И он думает о собственной жизни, тоже одной-единственной, такой дорогой ему, — да, это он, молодой и красивый, летел на коне перед полком, играя над головой шашкой, а сзади неслось, настигая и оглушая, «ура», а впереди за тучей пыли утекали беляки… Он тогда пил люто, был такой грех. И его ранили, чуть было не срезали на корню его великолепную жизнь, на волоске висело все, что с ним было потом… Судьба пожалела — подослала Марусю. Маруся, добрый гений! Выходила, вынянчила, отучила от водки, друг мой ненаглядный, товарищ, жена и любовь! Чего только не пережили вместе и голодали, и скитались, у Маруси рубашки не было, мои носила… Первая девочка умерла, даже назвать не успели, а потом я привел Марусе мальчишку из асфальтового котла, Маруся его отмыла, вывела вшей и привязалась, а он тоже умер, от сыпняка… А эти наши, Галька и Томка, разве они ценят мать? Разъехались — свои мужья, свои дети, свои занятия, письмо матери и то написать некогда. Пошлешь денег — внукам на гостинцы, ну, дочкам совестно станет, напишут. Маруся гордая, говорит — это в порядке вещей, но я же понимаю, каково ей! Я же понимаю, ах-ха!.. Да, вот ты так все понимаешь и чувствуешь, до слез, а какая-нибудь мразь ни черта и понимать не хочет, кроме своей вонючей выгоды. Ты обнимаешь мыслью высоты и глубины, а она тянет, что плохо лежит… Маруся без рубашек ходила, Костька помер от сыпняка, они и тогда тащили — ого!.. И ведь под самым носом орудуют. Вот я иду, а дьявол его знает — может, именно сейчас какому-нибудь моему начцеха рабочие… это самое… какие-нибудь работы на дому… с оплатой по среднему за государственный счет… Ну, это я загнул. Не те у нас люди. Я свои кадры, слава богу, знаю…

Он идет, настроенный на грустно-торжественный лад, отбирая из воспоминаний все невзгоды и гордясь ими, и за ним вдоль тротуара тихо движется его серый автомобиль, а по тротуару плетется Бучко.

— А вы слышали, — внезапно спрашивает Бучко, выбегая вперед, — как он споткнулся, уходя?.. Я слышал.

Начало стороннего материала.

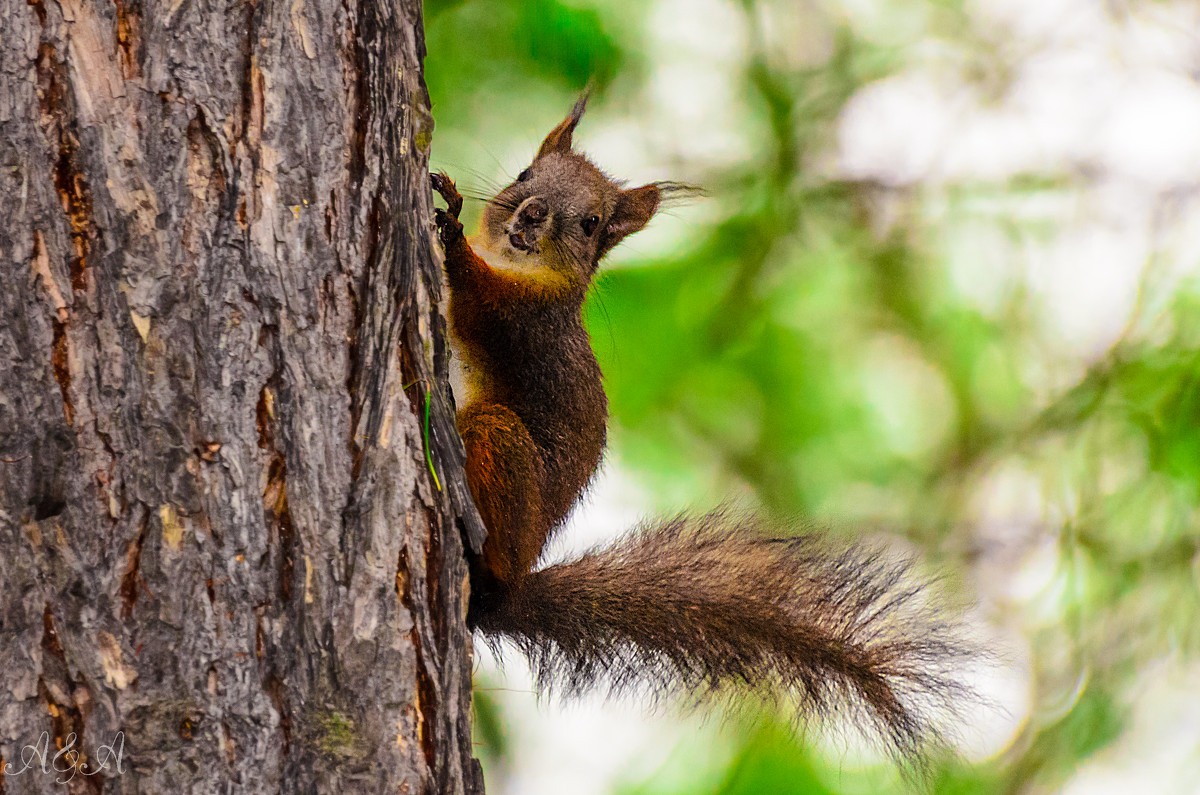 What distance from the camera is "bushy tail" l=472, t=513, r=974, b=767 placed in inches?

Акиндинов отвечает не сразу.

— Вот что, товарищ Бучко, — говорит он, — когда вас снимут с газеты, проситесь ко мне, я вас возьму в многотиражку.

Бучко не находит, что ответить на это неожиданное предложение, высказанное столь категорически.

— Секретарем, — рассеянно продолжает Акиндинов, — у вас слог ничего… Нашему заводу требуется хороший литературный слог.

— Да, конечно, — испуганно отвечает Бучко.

«Вы думаете, меня непременно снимут?» — хочется ему спросить, но сразу неудобно, и он осторожно продолжает разговор:

— Я, собственно, не журналист, я окончил филологический…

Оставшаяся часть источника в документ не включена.